Thursday, 29 November 2007

Actually, they're called 'Inuit'

How do Eskimoes curl their hair?

They use permer-frost

Ooh, Biblical commerce joke!

What cataclysm forced the Ancient Egyptian Sainsbury's and Marks & Spencer chains into receivership?

A plague of lo-costs

Wednesday, 28 November 2007

Sport of Kings! (sniff)

Why is Fetch The Chimney such an unpopular game?

Because nobody wants to catch the flue

Oooh, look at that big sausage!

Q: Why is Smithfield in the City of London a good place to pull girls?

A: Because its a meat market.

Saturday, 24 November 2007

Works better when said, but not by much #7

What did the Policeman say to his chest? You're under a vest.

PC Plod and Inspector Jones are at the scene of a car-jacking, trying to glean as much information about the crime as they can.

"What do you think went on here, Guv?" says PC Plod.

"Well, there are three things we know about this crime," replied Inspector Jones.

"What are they?" enquired the enthusiastic Policeman.

"First of all, the car was a red Ford Fiesta. Secondly, the assailant was 5'9", wearing a blue coat and black jeans. And finally, he had a problem with his bowels."

"Fascinating, how do you know all of that?" asked PC Plod.

"Well," replied Inspector Jones "the victim has told us that her car was a red Ford Fiesta, so thats how we know what he is driving. Second of all, we have CCTV footage of the suspect, so thats how we know what he looks like. And finally, we know he had a problem with his bowels because he left these large skidmarks."

Wednesday, 21 November 2007

Tuesday, 20 November 2007

Cirque du Fromage

I went to see the one-legged, circus performing cheese seller the other day, to buy some cheese. Was it worth it? Hardly - he only had one stilt on.

Monday, 19 November 2007

Delhi Belly (Full Of Protein!)

Q: How does a Hindu like his eggs?

A: In an Om-lette.

Doing Bird

Q: How does a thief get his eggs?

A: Poached.

Such An Enigma

Q: How does a cryptographer like their eggs?

A: Scrambled.

The Eggsplosive Middle Eastern Question

Q: How does Abu Bakr like his eggs?

A: Sunni Side Up.

Chicken Vs Egg: Face Off

Q: How does John Woo like his eggs?

A: Hard Boiled.

Who 'nose' how bad these jokes (and Photoshopping) can get?

Road rage

I was stuck in traffic on the M25 the other day, crawling at 10 mph towards a long line of cones, where the motorway narrowed from three lanes to one.

I passed a sign that said: "Road works ahead".

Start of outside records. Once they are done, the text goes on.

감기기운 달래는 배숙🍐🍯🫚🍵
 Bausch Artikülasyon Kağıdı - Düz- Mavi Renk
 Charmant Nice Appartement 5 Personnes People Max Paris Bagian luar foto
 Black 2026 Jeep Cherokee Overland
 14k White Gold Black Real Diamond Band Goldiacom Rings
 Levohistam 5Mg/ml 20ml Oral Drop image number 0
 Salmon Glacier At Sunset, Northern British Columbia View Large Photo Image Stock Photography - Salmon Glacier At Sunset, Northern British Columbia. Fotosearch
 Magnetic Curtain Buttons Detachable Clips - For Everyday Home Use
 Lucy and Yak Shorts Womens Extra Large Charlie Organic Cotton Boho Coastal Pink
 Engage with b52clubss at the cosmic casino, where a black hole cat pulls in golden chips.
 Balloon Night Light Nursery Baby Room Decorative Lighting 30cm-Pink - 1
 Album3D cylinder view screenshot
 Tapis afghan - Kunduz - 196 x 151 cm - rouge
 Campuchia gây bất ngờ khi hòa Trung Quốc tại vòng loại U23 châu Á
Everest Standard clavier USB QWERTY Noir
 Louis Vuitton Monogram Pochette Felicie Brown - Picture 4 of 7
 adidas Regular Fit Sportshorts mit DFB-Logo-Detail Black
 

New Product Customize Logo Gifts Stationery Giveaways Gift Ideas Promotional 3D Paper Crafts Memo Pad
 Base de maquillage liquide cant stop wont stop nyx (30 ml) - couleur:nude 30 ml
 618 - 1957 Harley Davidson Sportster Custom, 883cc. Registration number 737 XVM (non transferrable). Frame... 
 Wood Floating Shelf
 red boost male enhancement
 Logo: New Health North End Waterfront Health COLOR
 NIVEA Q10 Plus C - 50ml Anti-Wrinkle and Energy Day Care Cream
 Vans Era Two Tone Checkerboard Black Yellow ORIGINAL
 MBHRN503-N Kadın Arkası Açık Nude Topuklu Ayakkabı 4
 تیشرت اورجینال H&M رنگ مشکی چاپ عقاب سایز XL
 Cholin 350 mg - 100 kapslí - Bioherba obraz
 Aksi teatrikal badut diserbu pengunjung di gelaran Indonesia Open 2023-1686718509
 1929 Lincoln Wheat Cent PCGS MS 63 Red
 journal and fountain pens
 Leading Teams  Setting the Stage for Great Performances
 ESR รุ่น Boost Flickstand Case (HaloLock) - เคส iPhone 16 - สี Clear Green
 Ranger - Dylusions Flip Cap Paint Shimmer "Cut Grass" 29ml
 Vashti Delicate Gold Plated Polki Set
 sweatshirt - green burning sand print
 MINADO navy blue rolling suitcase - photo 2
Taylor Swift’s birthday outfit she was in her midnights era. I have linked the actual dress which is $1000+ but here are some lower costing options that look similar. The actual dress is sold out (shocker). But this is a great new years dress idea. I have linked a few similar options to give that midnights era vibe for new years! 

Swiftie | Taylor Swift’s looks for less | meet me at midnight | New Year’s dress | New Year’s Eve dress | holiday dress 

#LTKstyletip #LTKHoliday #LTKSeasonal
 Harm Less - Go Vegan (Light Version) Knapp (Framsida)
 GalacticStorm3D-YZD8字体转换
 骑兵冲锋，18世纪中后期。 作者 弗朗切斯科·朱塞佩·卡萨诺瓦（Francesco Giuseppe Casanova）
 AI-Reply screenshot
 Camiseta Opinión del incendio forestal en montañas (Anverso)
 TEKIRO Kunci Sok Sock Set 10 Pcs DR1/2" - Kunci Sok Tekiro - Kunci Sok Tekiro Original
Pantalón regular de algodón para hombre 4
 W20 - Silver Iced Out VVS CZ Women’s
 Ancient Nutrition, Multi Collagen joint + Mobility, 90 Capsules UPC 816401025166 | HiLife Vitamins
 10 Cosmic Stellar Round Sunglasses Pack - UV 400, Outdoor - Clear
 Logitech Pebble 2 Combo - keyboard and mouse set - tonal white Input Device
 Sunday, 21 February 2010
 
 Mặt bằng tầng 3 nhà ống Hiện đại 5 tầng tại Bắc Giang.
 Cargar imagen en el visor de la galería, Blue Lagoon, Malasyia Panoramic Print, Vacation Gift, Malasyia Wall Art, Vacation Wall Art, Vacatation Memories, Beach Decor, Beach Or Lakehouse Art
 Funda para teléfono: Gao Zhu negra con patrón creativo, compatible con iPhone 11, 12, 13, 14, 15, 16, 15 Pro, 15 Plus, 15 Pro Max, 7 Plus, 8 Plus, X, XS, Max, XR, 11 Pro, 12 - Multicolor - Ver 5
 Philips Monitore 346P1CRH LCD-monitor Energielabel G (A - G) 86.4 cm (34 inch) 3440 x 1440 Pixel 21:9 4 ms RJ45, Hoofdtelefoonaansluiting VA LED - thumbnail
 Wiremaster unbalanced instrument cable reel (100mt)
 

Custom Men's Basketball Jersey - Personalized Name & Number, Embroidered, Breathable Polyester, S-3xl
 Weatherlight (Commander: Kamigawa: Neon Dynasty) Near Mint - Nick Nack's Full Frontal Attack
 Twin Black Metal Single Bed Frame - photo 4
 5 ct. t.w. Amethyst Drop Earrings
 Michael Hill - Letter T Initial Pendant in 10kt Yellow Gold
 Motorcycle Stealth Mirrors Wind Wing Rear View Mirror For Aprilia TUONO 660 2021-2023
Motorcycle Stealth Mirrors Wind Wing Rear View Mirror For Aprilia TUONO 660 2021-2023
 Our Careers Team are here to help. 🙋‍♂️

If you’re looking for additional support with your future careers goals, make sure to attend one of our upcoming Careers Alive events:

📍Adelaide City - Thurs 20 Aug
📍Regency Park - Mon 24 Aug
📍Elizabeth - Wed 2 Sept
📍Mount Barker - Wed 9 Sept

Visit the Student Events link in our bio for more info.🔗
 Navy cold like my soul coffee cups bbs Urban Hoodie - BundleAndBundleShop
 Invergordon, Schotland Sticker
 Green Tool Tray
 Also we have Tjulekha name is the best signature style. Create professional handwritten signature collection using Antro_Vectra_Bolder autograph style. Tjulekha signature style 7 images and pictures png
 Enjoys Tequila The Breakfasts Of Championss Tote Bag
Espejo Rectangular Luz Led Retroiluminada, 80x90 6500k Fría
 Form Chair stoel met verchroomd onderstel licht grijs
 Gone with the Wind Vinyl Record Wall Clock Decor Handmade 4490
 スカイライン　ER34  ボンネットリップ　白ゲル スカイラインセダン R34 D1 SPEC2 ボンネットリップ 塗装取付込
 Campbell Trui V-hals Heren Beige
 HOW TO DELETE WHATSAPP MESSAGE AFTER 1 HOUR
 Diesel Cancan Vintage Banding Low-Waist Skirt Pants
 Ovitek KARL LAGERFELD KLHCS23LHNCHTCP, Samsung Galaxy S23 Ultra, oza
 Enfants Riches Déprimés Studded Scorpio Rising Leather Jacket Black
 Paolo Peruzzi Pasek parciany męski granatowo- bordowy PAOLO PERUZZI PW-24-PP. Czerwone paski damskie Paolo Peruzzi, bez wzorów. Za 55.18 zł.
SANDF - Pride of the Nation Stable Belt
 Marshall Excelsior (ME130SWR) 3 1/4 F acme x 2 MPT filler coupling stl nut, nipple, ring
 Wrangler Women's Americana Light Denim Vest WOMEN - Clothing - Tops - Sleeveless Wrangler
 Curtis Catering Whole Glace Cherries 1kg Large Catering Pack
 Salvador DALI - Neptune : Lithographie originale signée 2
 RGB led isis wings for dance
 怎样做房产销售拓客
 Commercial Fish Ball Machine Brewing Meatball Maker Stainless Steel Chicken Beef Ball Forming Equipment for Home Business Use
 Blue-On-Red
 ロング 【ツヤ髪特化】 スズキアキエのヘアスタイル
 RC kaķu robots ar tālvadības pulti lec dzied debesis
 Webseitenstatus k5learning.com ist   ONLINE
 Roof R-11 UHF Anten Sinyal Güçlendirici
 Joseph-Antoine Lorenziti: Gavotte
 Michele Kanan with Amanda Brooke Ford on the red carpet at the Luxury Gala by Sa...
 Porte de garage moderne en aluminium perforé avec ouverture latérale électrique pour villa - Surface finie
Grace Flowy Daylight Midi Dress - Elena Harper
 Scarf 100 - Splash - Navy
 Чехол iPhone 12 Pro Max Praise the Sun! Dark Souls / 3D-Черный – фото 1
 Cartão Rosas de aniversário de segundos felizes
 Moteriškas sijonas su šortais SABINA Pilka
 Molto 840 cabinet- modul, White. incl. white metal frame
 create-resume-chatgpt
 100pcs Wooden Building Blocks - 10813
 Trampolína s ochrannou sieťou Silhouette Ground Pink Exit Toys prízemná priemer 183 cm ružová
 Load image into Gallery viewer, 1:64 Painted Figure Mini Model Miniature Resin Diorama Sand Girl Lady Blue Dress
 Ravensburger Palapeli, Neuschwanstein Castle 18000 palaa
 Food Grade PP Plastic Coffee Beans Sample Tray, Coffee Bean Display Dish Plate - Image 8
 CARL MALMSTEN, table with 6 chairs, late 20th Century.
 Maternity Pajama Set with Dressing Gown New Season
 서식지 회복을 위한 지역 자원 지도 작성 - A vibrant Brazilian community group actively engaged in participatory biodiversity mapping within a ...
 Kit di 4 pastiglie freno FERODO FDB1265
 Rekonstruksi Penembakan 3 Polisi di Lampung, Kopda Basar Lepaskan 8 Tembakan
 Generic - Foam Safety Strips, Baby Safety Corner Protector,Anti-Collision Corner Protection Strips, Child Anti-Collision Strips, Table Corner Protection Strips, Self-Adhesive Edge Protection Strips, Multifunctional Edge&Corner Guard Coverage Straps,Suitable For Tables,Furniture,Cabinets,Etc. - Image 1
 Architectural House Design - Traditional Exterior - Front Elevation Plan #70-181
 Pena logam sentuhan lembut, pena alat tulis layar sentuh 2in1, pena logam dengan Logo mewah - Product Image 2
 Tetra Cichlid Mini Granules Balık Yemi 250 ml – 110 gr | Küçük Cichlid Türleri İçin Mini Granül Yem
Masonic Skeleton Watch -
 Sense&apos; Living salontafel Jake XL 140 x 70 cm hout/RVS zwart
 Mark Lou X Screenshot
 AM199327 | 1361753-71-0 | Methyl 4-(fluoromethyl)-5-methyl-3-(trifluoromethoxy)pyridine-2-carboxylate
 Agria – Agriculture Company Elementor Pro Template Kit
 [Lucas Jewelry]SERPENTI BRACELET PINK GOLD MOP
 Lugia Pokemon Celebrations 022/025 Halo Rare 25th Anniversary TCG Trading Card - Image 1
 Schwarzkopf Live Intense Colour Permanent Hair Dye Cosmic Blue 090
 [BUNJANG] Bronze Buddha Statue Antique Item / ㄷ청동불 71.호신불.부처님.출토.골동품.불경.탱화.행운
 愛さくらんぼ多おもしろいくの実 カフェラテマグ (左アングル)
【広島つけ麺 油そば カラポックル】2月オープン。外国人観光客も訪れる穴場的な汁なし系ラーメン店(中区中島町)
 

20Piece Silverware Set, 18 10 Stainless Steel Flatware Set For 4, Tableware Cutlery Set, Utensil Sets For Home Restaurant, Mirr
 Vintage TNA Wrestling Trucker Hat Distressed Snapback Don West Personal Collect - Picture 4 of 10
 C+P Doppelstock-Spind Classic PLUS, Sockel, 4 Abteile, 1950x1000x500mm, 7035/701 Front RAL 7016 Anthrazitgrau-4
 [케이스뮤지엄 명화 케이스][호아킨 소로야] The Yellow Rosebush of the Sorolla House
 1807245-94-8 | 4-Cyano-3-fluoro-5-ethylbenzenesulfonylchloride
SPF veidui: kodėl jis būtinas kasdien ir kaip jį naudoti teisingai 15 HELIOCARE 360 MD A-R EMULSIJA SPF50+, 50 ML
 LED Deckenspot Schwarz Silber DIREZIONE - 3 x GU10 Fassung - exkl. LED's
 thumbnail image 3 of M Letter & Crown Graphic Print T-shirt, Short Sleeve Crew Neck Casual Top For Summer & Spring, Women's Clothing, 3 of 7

"Oh no it doesn't!" I shouted to no one in particular.

Saturday, 17 November 2007

Warning: comics joke

Why did Alan Moore go around stubbing out people's spliffs?

Because he was on a reefer vendetta

Crouching Teapot Hidden Joke

Lucifer Lockets

Q: Why do people sell their souls to Satan for cold remedies?

A: Because the Devil has all the best tunes.

A sad but true story

Tom Cruise and Nicole Kidman were trying for a baby but were having no luck because little Tommy was impotent. They decided to visit a nearby maternity ward in the hope of pinching a ladys baby whilst she was distracted by her lovely flowers or her stitches or something. Unfortunately all the greedy mothers were paying quite a lot of attention to their new babys and Tom and Nicole were unable to do the dirty deed. Then out of the corner of her eye Nicole spotted a plastic bag containing a small lock of babys hair and a few toenail clippings.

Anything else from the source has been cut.